His daughter, who had never been fond of him, was now fondly showing him a drawerful of loose longhand pages that she claimed was the surest sign her mother had finally gone over the edge. He admitted to himself that that much writing under any voluntary circumstances did look suspicious, but these pages looked even odder than they might have in their condition and context. They were as beat-up as hard-used currency, and stained like cookbook pages, and had among them snapshots and birthday candles and a screwdriver. Even a glance suggested they were somehow about Nathan Bedford Forrest, a confederate general whom he, Mr. Hollingsworth, knew something about but whom he didn’t know she, Mrs. Hollingsworth, knew anything about. A second glance, which he made sitting at the kitchen table attempting to dislocate his daughter from his ear, suggested that what Mrs. Hollingsworh knew about General Forrest appeared to be entirely fanciful. He could not give his attention to the document because the daughter was now silently but desperately gesturing for him to come look through the keyhole of the bathroom door at, presumably, his wife. “She’s taking a bath!” the daughter stage whispered, as if it were the height of outrage. He found the idea of peeping at his wife agreeable, if the daughter were not there. The entire situation here suggested that somehow his wife had also managed to take a seat in the chair of disregard that did not follow the sun. It appeared, moreover, that they had sat down simultaneously and independently in the same chair, in one another’s laps as it were. They had been remote from each other for some time. This was a surprising and agreeable new intimacy, if that’s what it was. For the sake of simplicity and hope in a better world, Mr. Hollingsworth decided to assume that that’s what it was. He and his wife were, somehow, magically and newly intimate.

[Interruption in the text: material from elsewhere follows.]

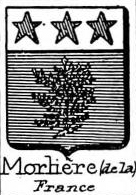 Morliere Coat of Arms / Family Crest 0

He said aloud, “Hot damn Vietnam,” part sign of his cheer and part signal to his daughter that if she thought her mother insane she could afford to batten down for more high water. She could come away from that keyhole and sit at the dining-room table and hear some truly odd music from him.

A Local Boy

The Milledgeville Mole bears down upon himself with ruby-red precision. He takes coffee in his tea. His underwear is stained. There are global coordinates in his brain. The activation quotient for the bank robbery is below the level at which he would need find a gun and commence. The doughnuts are more important, from Ryall’s, where the heavy girl in the weird old-fashioned light-green uniform dress is smart and nice to him. Her teeth are okay, and his are not.

His camp on the riverbank across from where Sherman camped is a dismal mess. Coons came and redid the feng shui the last three nights running. He feels there is mildew and coon spit on all his effects, even on the Grundig console radio that weighs a hundred pounds that he cannot move or listen to because there is no power but which looks very good there, like he is somebody. With all the coon spit and the mildew he would most like a flood and then a fire, or a fire and then a flood, to clean away the soot, or maybe it would be better to move altogether. Where did Sherman camp next, he wonders. Go with the flow, historically thinking. Why did Sherman not become President? Why Grant? Why is he, the Milledgeville Mole, an unemployed lout and not a fine bank president with a Rotary Club meeting this morning — a breakfast with a steam table! — or the owner say of the big Ford dealership out 441? He would live in a big house out on the lake and his pets would be dogs, big expensive dogs you take to the vet in their own SUV. He would not be predated upon by coons. The coons took every generic fig newton he had. A coon, he has noticed, does not leave something for later and a coon does not overlook anything, ever. They are like smell itself, if that makes sense. They should be used in airport security.